[[ Data extract, beginning ]]

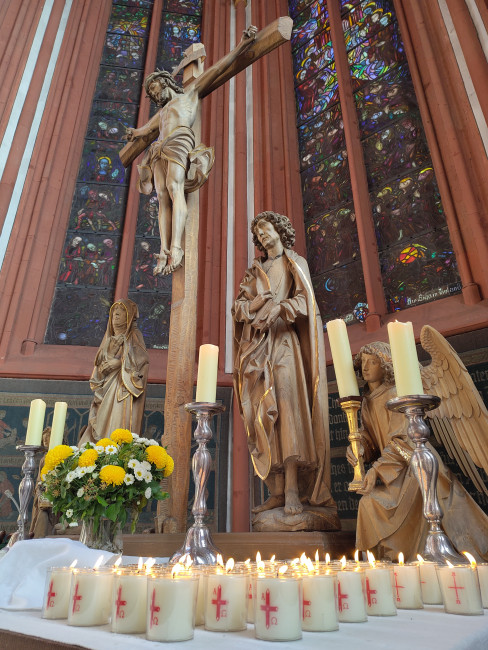 Kerzen auf dem Altar der Deutschhauskirche zum Gedenken an die Verstobenen des vergangenen Jahres.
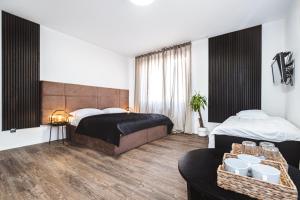 ein Schlafzimmer mit zwei Betten und einem Tisch in der Unterkunft National Plus in Zagreb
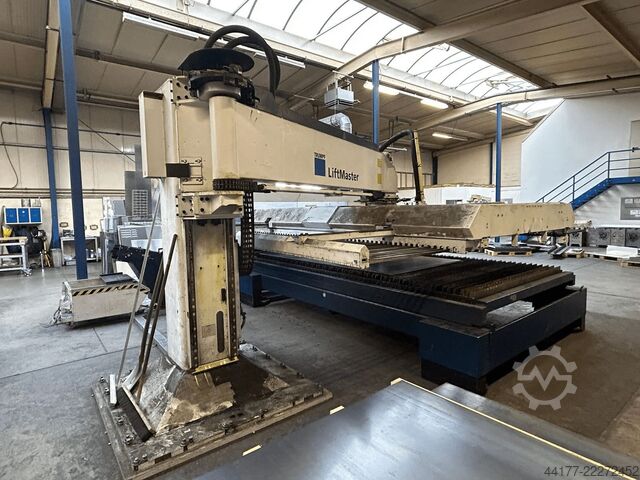 Lazerinio pjovimo sistema Trumpf TruLaser 3040 mit LiftMaster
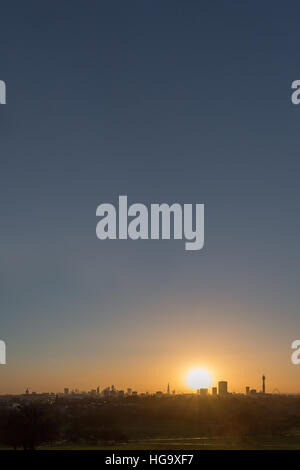 Sonnenaufgang über London von Primrose Hill gesehen Stockfoto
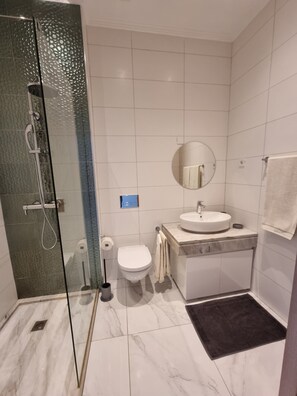 Shower, towels, toilet paper - Explore the City from this Modern Loft (Praia)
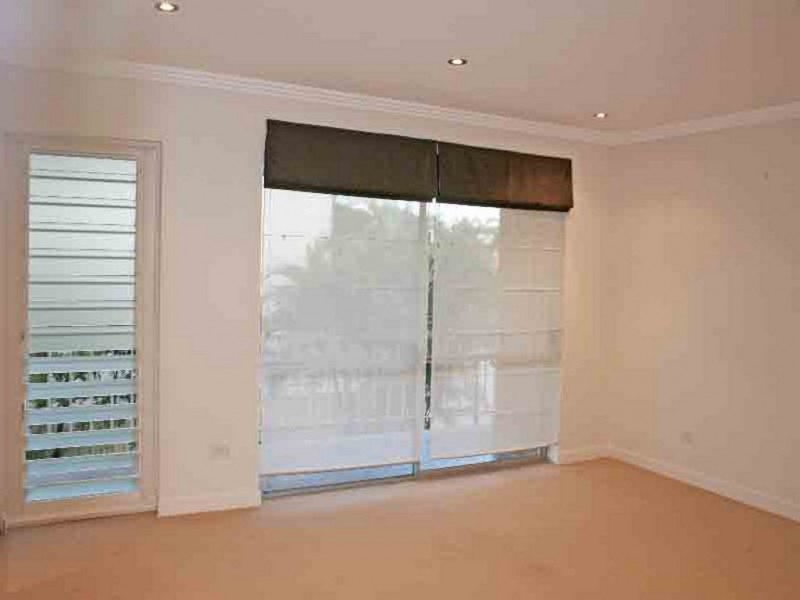 2/83 Bayview Street, Runaway Bay QLD 4216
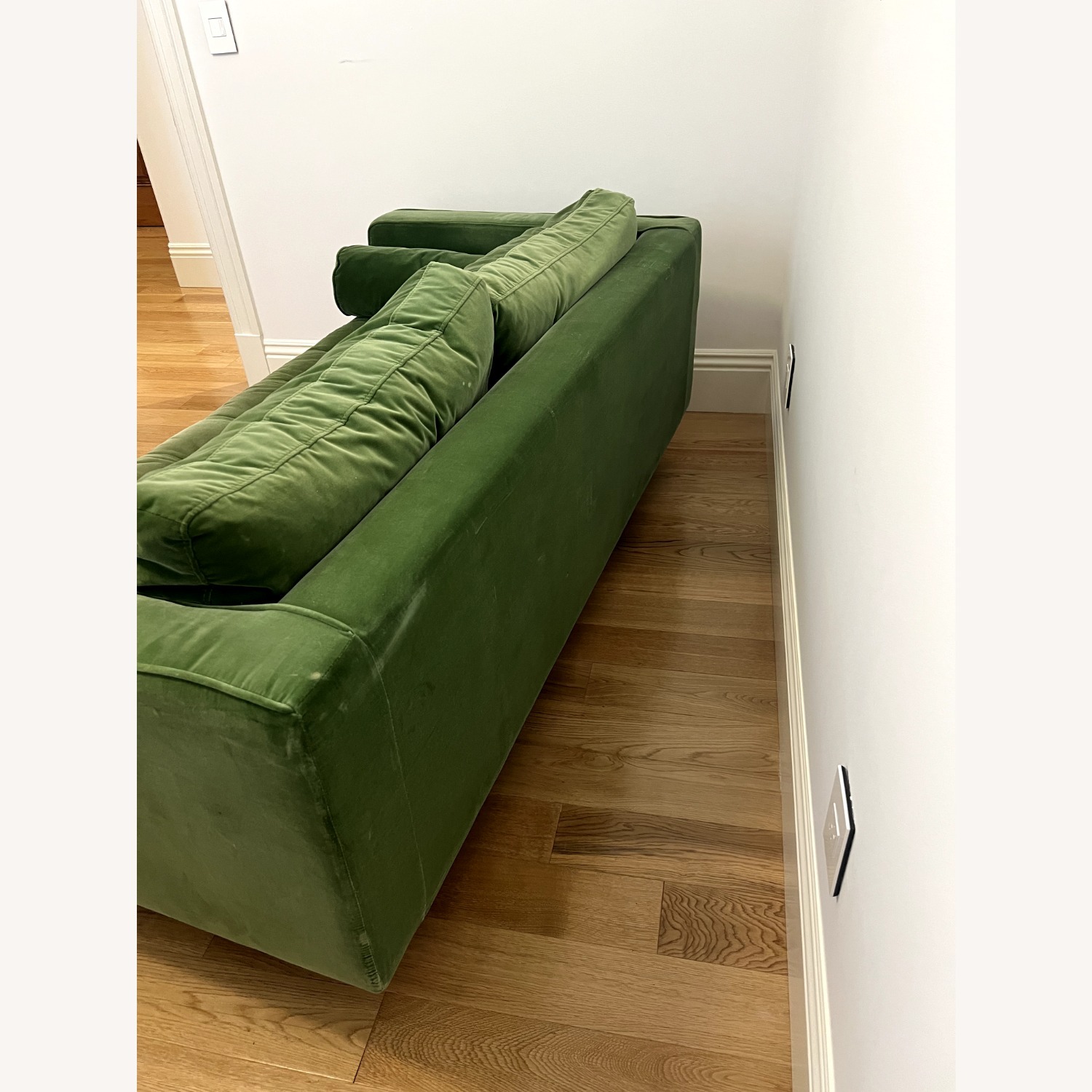 Article Sven Green Velvet Loveseat - image-7
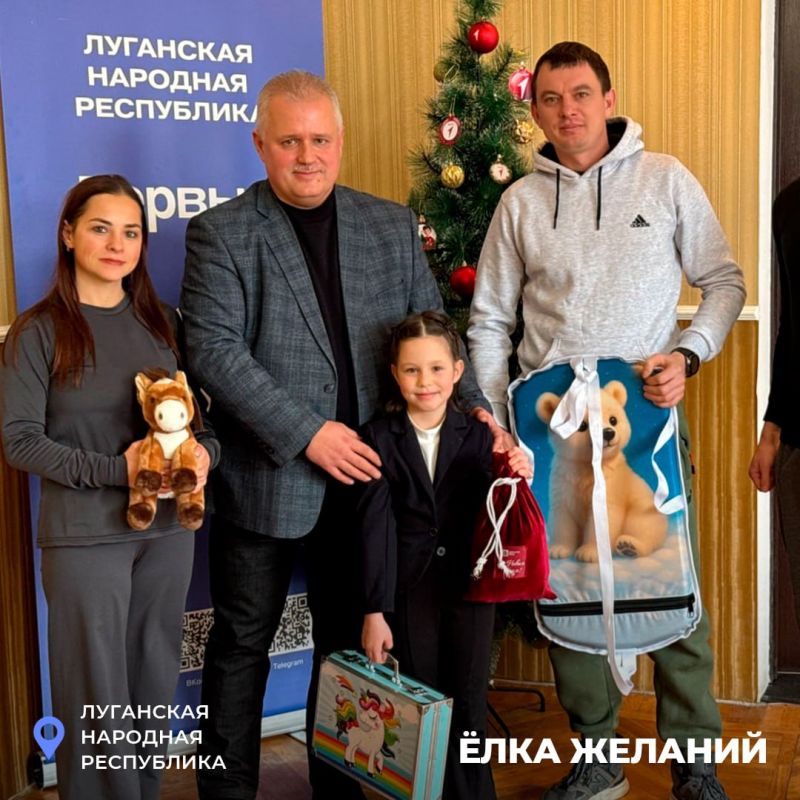 «Ёлка желаний»: Единороссы продолжают исполнять мечты детей «Ёлка желаний»: Единороссы продолжают исполнять мечты детей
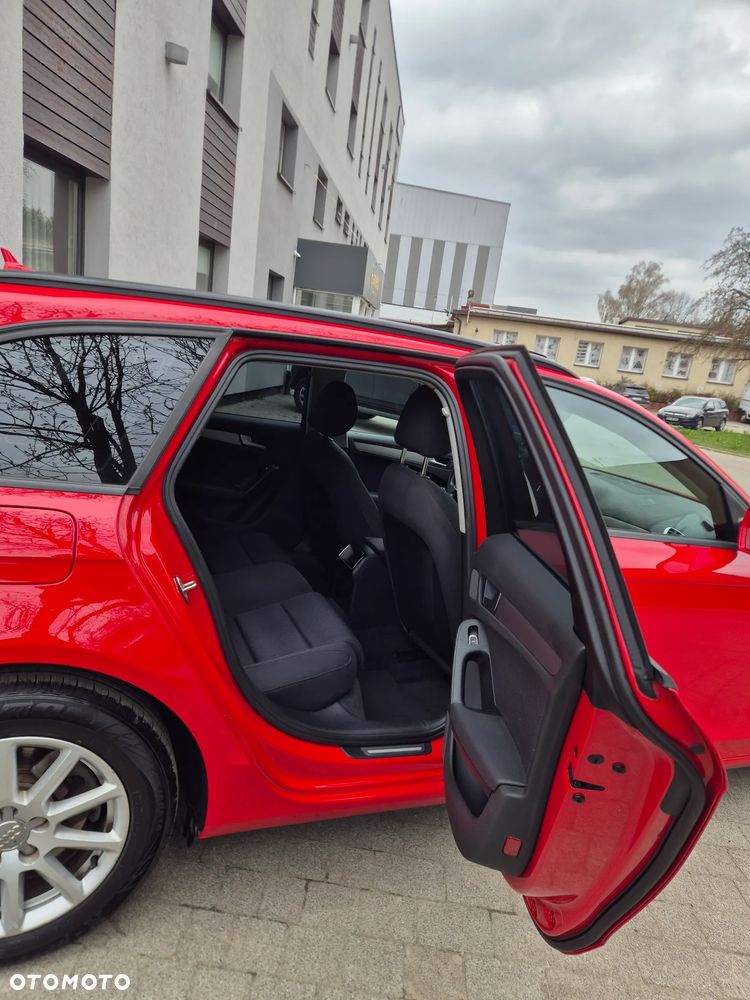 Audi A4 Avant 2.0 TDI DPF clean diesel multitronic Attraction - 10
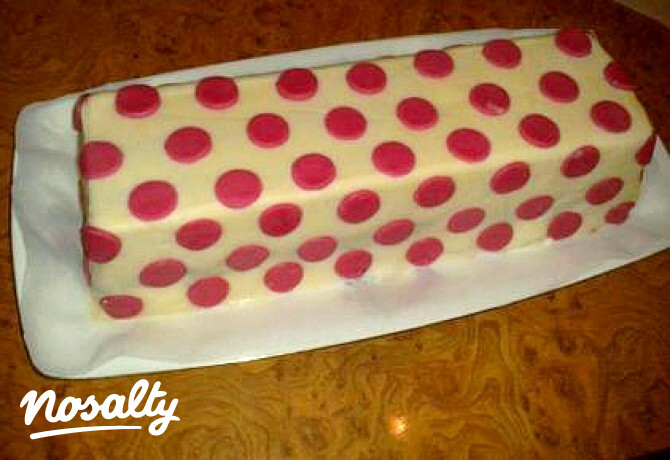 Túró rudi torta marcipánnal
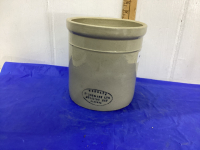 MEDALTA STONEWARE LTD CROCK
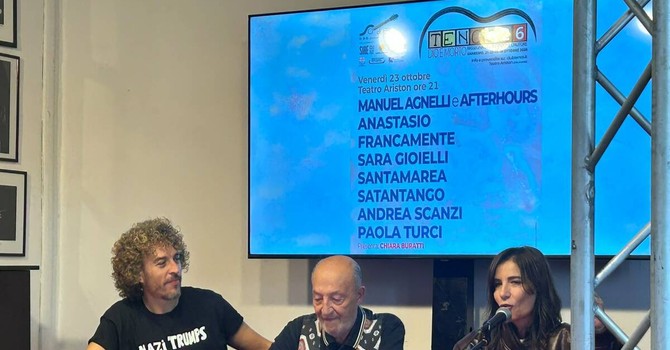 Premio Tenco, Paola Turci canta per i pazienti dell’ospedale di Sanremo e si commuove: “Un uomo piangeva, la musica è una carezza all’anima” Premio Tenco, Paola Turci canta per i pazienti dell’ospedale di Sanremo e si commuove: “Un uomo piangeva, la musica è una carezza all’anima”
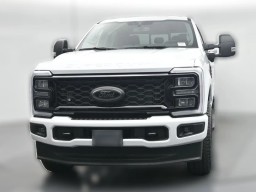 Ford Super Duty F-350 SRW XLT 4WD Crew Cab 8' Box 2026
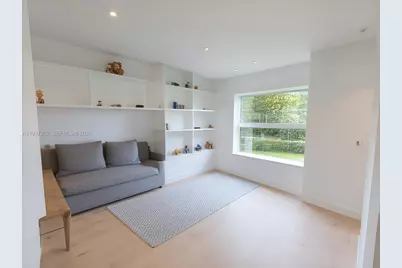 854 NW 76th St, Miami, FL 33150 - Photo 13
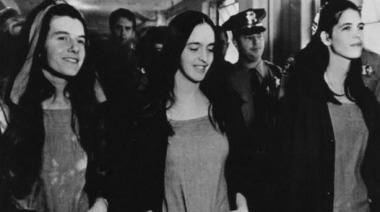 Момичета на Сатаната: серийните убийци от сектата на Менсън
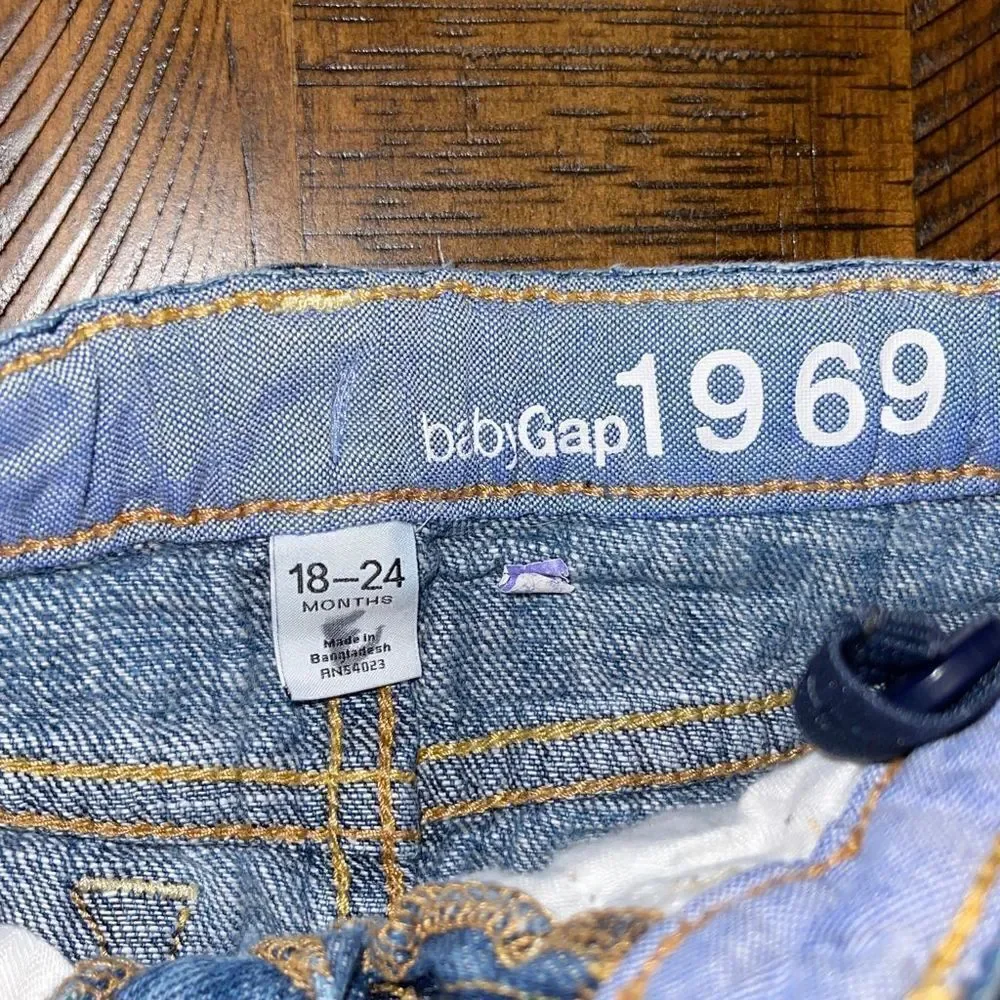 Gap denim skirt - 3/$25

[[ Data extract, end ]]

Required action:
The records above must be echoed exactly, minus their pictures.

Answer below:
 Kerzen auf dem Altar der Deutschhauskirche zum Gedenken an die Verstobenen des vergangenen Jahres.
 ein Schlafzimmer mit zwei Betten und einem Tisch in der Unterkunft National Plus in Zagreb
 Lazerinio pjovimo sistema Trumpf TruLaser 3040 mit LiftMaster
 Sonnenaufgang über London von Primrose Hill gesehen Stockfoto
 Shower, towels, toilet paper - Explore the City from this Modern Loft (Praia)
 2/83 Bayview Street, Runaway Bay QLD 4216
 Article Sven Green Velvet Loveseat - image-7
 «Ёлка желаний»: Единороссы продолжают исполнять мечты детей «Ёлка желаний»: Единороссы продолжают исполнять мечты детей
 Audi A4 Avant 2.0 TDI DPF clean diesel multitronic Attraction - 10
 Túró rudi torta marcipánnal
 MEDALTA STONEWARE LTD CROCK
 Premio Tenco, Paola Turci canta per i pazienti dell’ospedale di Sanremo e si commuove: “Un uomo piangeva, la musica è una carezza all’anima” Premio Tenco, Paola Turci canta per i pazienti dell’ospedale di Sanremo e si commuove: “Un uomo piangeva, la musica è una carezza all’anima”
 Ford Super Duty F-350 SRW XLT 4WD Crew Cab 8' Box 2026
 854 NW 76th St, Miami, FL 33150 - Photo 13
 Момичета на Сатаната: серийните убийци от сектата на Менсън
 Gap denim skirt - 3/$25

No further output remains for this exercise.